Дед Сидор хотел что-то ответить, но заплакал, глядя на растекающуюся жижу.
Тайная жизнь Гены Хомякова
Гена Хомяков неожиданно для себя влюбился в Любу. С первого взгляда. Вернее сказать – со второго. С первого взгляда у него только коленка зачесалась. Потом зачесалось в носу, и он чихнул. Проходивший мимо гражданин сказал «будьте здоровы» и плюнул под ноги Хомякову. Хомяков, переведя взгляд на гражданина, а потом вернув его обратно на Любу, сказал «спасибо», влюбился окончательно и зачесался уже целиком.
И не было бы ничего примечательного в этом – мало ли граждан ходят и плюют под чужие ноги, – деликатность в том, что Гена влюбился во сне. Ехал в метро по кольцевой, задремал под грохот уносящегося тоннеля, увидел Любу и влюбился. В этот момент ему наступили на ногу, и он проснулся, и остался в неведении относительно взаимности взыгравших чувств.
На службу Гена Хомяков прибыл в кипении надежд и брожении сомнений. К счастью, началось необычайно важное совещание, и Гена на нем уснул. Как раз вовремя – Люба заходила в седьмой подъезд старинного замка. Гена, манкировав собранием столь изощренно, успел заметить ее длинный красный шарф, догнать и уцепиться за него. Шарф стелился по лестнице и привел его на последний этаж, к двери черного дерева. Гена постучал. Дверь открылась. Люба стояла перед ним в откровенном естестве, плавно переходящем в естественную откровенность. Нагота была не столько скрыта, сколько подчеркнута красным шарфом, наброшенным редкими кольцами на Любу, как удав на березу. Гена потянул за другой конец шарфа, который сжимал все это время. Шарф начал опадать. Кто-то потряс Гену за плечо. Хомяков повернул голову…

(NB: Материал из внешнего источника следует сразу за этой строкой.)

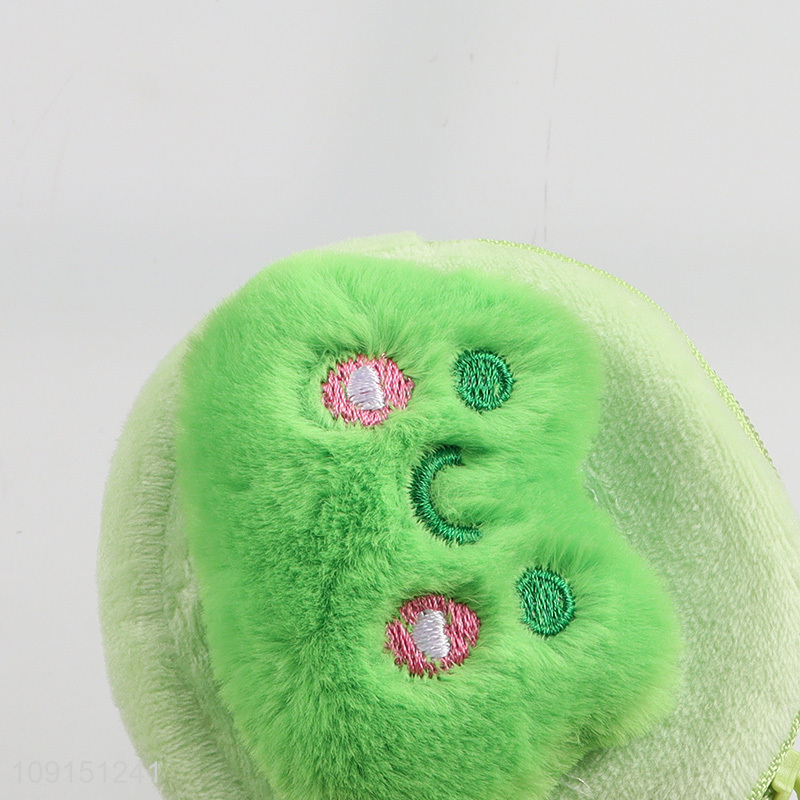 Factory supply portable plush frog coin purse key bag for sale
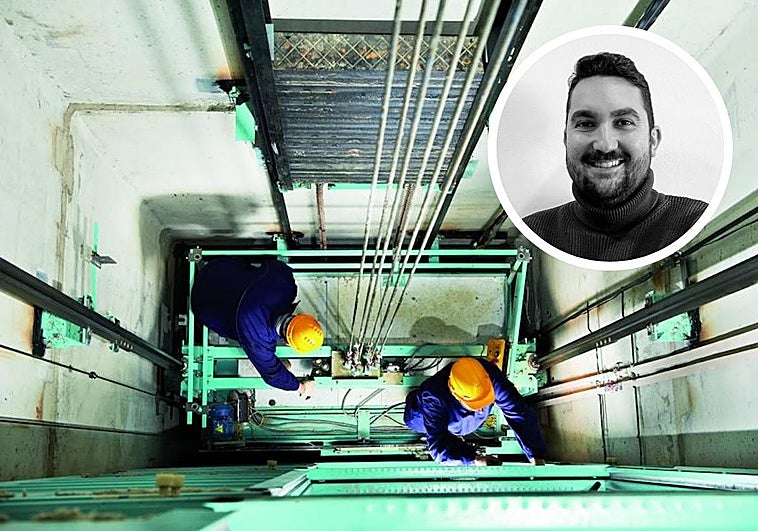 Andrés Hernáiz, experto en ascensores: «Puede deberse a un fallo eléctrico»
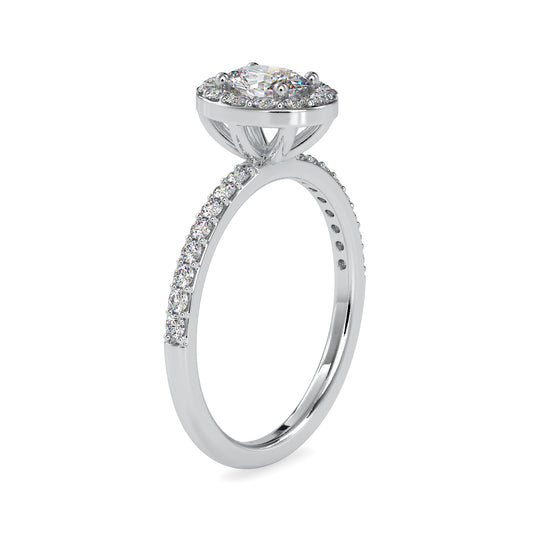 Regal Elegance Oval Shape Brilliant Cut Diamond Channel Setting Ring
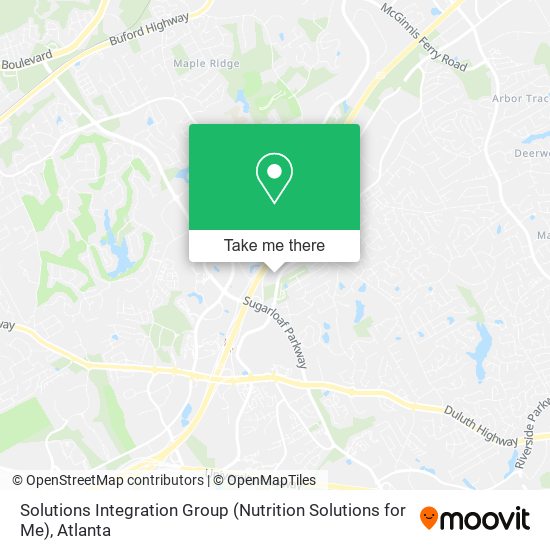 Mapa de Solutions Integration Group (Nutrition Solutions for Me)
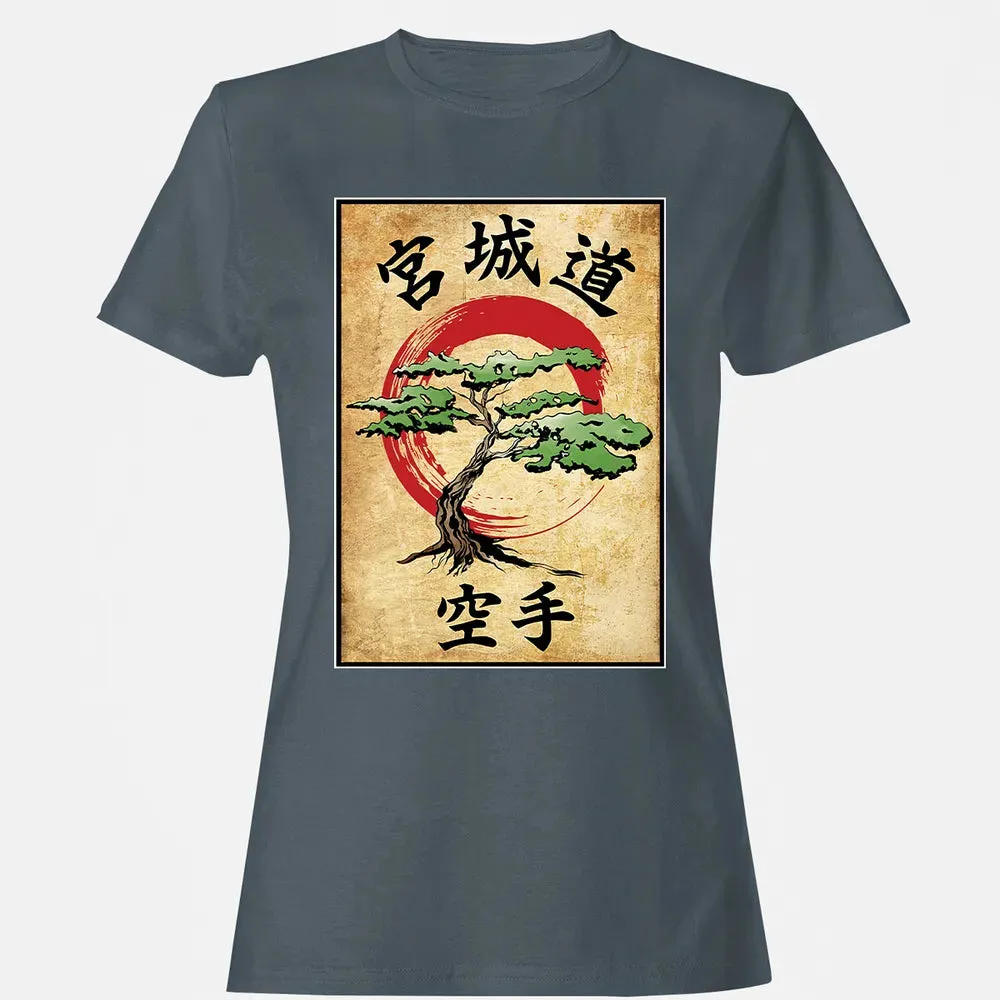 Miyagi Do Woodblock Women's T-shirt - 3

…и открыл глаза. На него смотрели с нескрываемым осуждением постылые, душимые завистью сослуживцы.
На обратном пути в вагоне топтались так, что отойти ко сну не удалось. Он раз за разом закрывал глаза, видел удава и был будим очередным наступанием на ногу.
Гена приехал домой злой. Аглая Хомякова, законная супруга, сунула ему под нос тарелку щей и скрылась в опочивальне. Гена осторожно приоткрыл дверь. Осмотрел спящую Хомякову. Нечто новое увидел он в ее неподвижном теле – заскорузлая, безнадобная неинтересность поселилась в нем.
Хомяков лег рядом и смежил очи.
– Ты бросил меня? Где ты был все это время?
Люба сидела в бесстыдном халатике, закинув ноги на подлокотник кресла, и строго смотрела на Хомякова. Гена поинтересовался взаимностью чувств.
Люба призналась, что беременна. Хомяков такому положению удивился, сказал, что предпосылки, конечно, были, но ничего, кроме шарфа на березе, он не помнит. Люба зарыдала. Пришлось жениться.
Свадьбу Гена тоже упустил. В том смысле, что она была, но в памяти не отложилась.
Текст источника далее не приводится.